| TASK INPUTS |
------------------------------------------------------------
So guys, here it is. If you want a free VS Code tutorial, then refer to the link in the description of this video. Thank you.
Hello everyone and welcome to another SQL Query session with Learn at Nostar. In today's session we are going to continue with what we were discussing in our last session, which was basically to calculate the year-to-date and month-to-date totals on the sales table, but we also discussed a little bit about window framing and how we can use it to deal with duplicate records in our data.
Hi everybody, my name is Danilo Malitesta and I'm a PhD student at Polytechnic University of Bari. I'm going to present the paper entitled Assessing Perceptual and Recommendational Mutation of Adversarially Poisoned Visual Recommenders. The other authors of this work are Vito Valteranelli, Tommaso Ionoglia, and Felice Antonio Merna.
------------------------------------------------------------
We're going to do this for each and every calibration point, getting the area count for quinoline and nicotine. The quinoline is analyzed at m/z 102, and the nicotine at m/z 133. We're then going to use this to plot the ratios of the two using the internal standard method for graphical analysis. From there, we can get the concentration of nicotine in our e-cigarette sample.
------------------------------------------------------------
| AIM OF THE TASK |
Could you reproduce, exactly, every line above from the line with "So guys, here" to the line with "Hello everyone and", and no other line? Both ends count.

| TASK RESULT |
So guys, here it is. If you want a free VS Code tutorial, then refer to the link in the description of this video. Thank you.
Hello everyone and welcome to another SQL Query session with Learn at Nostar. In today's session we are going to continue with what we were discussing in our last session, which was basically to calculate the year-to-date and month-to-date totals on the sales table, but we also discussed a little bit about window framing and how we can use it to deal with duplicate records in our data.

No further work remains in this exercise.